A meta-analysis of niacin trials (predominantly among Caucasians not on a statin) did not find any evidence of an excess of muscle problems, and niacin is not thought to cause myopathy in the absence of statin therapy. However, during development of lovastatin, it was noted that the frequency of myopathy rose from 0.2% with lovastatin alone to 2% when co-administered with niacin. An important finding from the present analyses in HPS2-THRIVE is the highly significant four-fold excess risk of any myopathy with the addition of ERN/LRPT to simvastatin 40 mg daily (with or without ezetimibe 10 mg daily). This excess risk was particularly marked among the participants in China, where the background rate of myopathy with the study LDL-lowering therapy alone was higher than among the participants in Europe. During 2009, after definite myopathy had been recorded in 52 (including 34 after randomization) participants in China (and only 4 in Europe), the independent Data Monitoring Committee advised the investigators that it was substantially more frequent in the participants allocated active ERN/LRPT and the prescribing information was updated accordingly.
The mechanism for this myopathy-related interaction between niacin and simvastatin is not clear. Nor is it clear why the rate of myopathy on simvastatin alone is higher among Chinese individuals. Niacin does not inhibit cytochrome P450 3A4 or interfere with statin-glucuronidation, but it has been found to increase simvastatin blood concentrations by about one-third, and statin-induced myopathy is known to be associated with higher blood statin levels. Asian subjects are also recognized to have higher blood levels than Caucasians following a given statin dose and this too may be a contributory factor.

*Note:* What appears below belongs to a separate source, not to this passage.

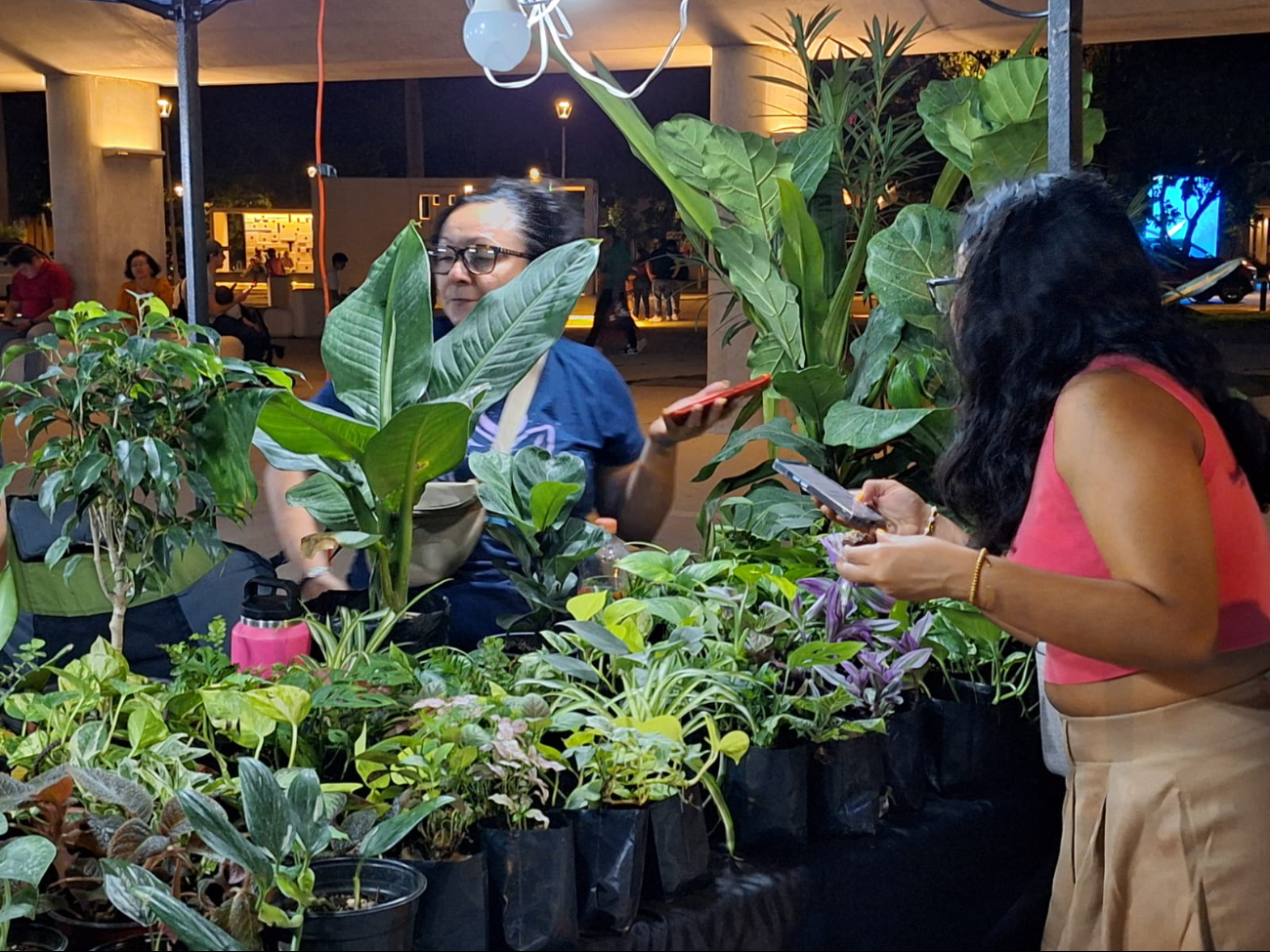 Expositores también ofrecieron gran variedad de plantas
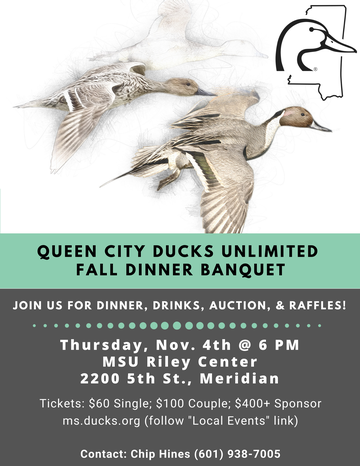 Event Queen City Dinner- Meridian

However, it should be noted that—even among Chinese individuals—this small absolute excess of myopathy with simvastatin 40 mg daily (with or without niacin) is likely to be greatly outweighed by its cardiovascular benefits in the sort of high-risk patients included in HPS2-THRIVE.

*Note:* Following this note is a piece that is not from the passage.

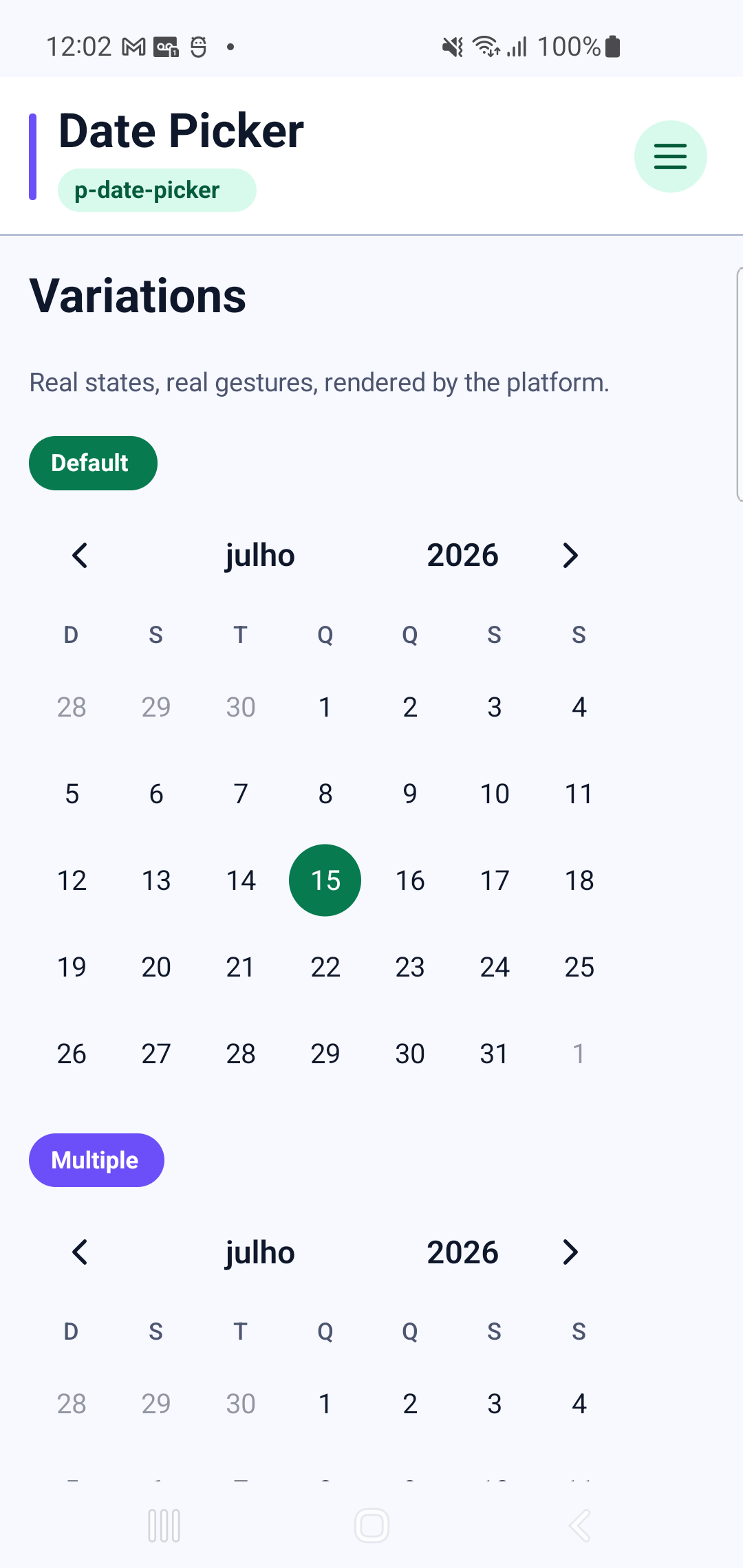 p-date-picker rendered by PAM Native UI on a physical Samsung Android device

Niacin has a variety of effects on lipids, including lowering LDL-C, apoB, and Lp(a) and raising HDL-C and apoA1, which might be expected to translate into reductions in vascular events. Over 25 000 people at high risk of vascular events were randomized in HPS2-THRIVE and three-quarters remained compliant with ERN/LRPT after 3.9 years' median follow-up. Based on this compliance and the lipid changes observed during the pre-randomization run-in, it was estimated prior to unblinding the trial that study average differences in LDL-C of ~0.25 mmol/L and HDL-C of ~0.13 mmol/L would have been achieved. Based on previous observational studies and randomized trials, it was anticipated that such lipid differences might translate into a 10–15% reduction in vascular events. At least 3400 of these high-risk participants were expected to have confirmed MVEs during an average of ~4 years of follow-up, so HPS2-THRIVE has excellent statistical power to detect or exclude effects of this magnitude.